§ **Listed records**:
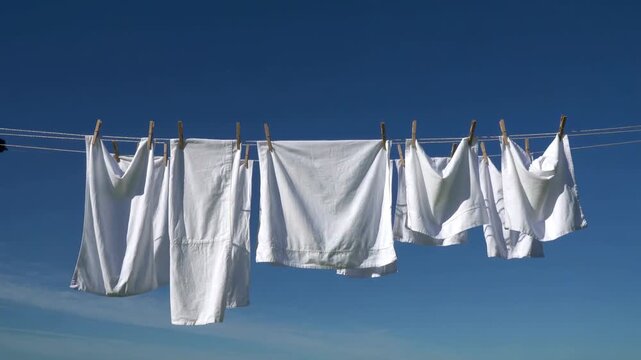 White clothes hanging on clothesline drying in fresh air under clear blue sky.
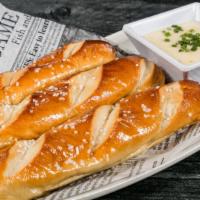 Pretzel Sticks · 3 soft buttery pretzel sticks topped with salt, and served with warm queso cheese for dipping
--
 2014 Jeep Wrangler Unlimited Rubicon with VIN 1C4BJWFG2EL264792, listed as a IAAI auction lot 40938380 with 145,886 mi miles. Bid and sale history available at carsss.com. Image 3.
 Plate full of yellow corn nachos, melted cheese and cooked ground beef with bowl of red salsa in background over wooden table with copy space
...
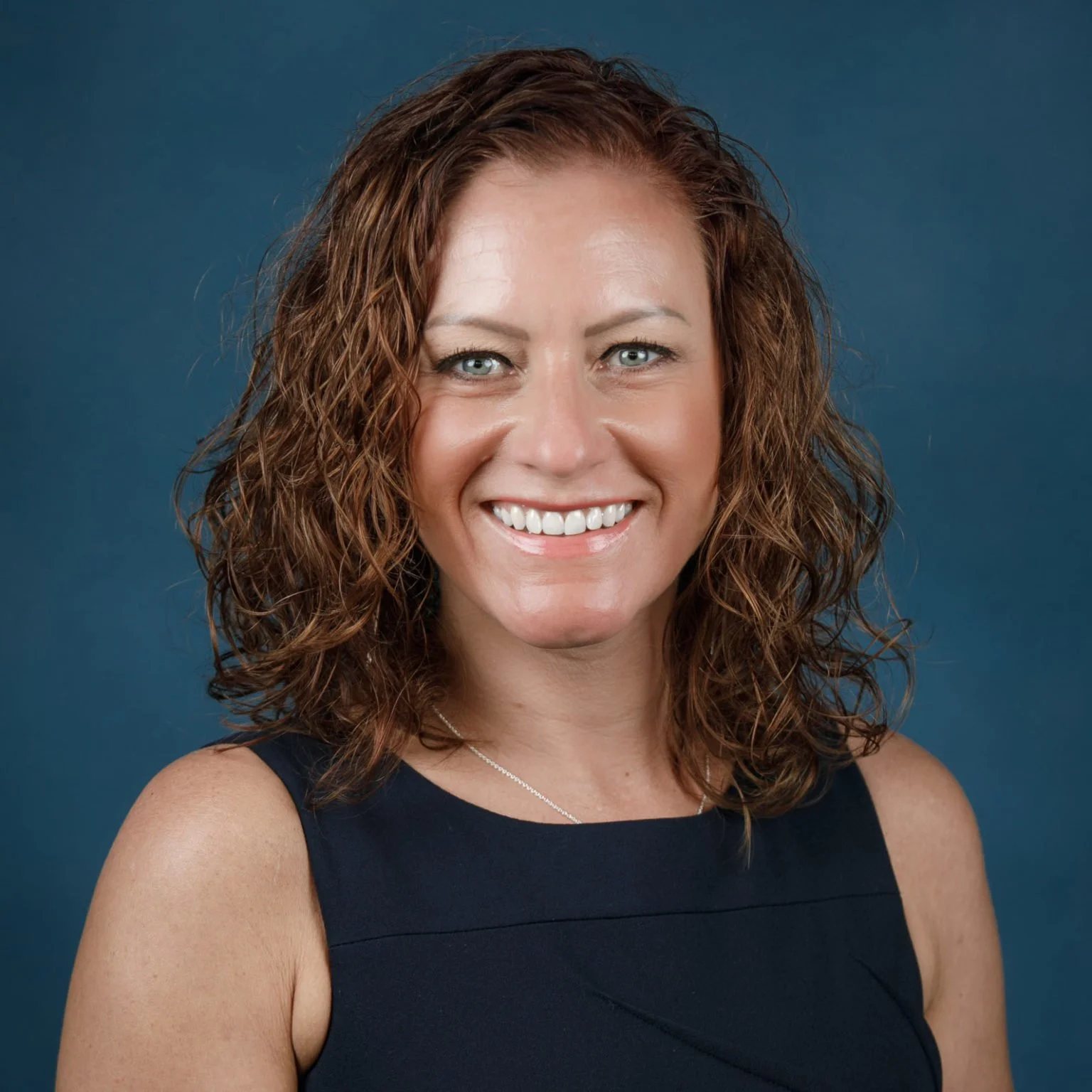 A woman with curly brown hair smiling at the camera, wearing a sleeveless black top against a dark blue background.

§ **Directions**: Return only the lines between the one holding "2014 Jeep Wrangler" and the one holding "Plate full of", inclusive, exactly as they appear above.

§ **Response box**:
 2014 Jeep Wrangler Unlimited Rubicon with VIN 1C4BJWFG2EL264792, listed as a IAAI auction lot 40938380 with 145,886 mi miles. Bid and sale history available at carsss.com. Image 3.
 Plate full of yellow corn nachos, melted cheese and cooked ground beef with bowl of red salsa in background over wooden table with copy space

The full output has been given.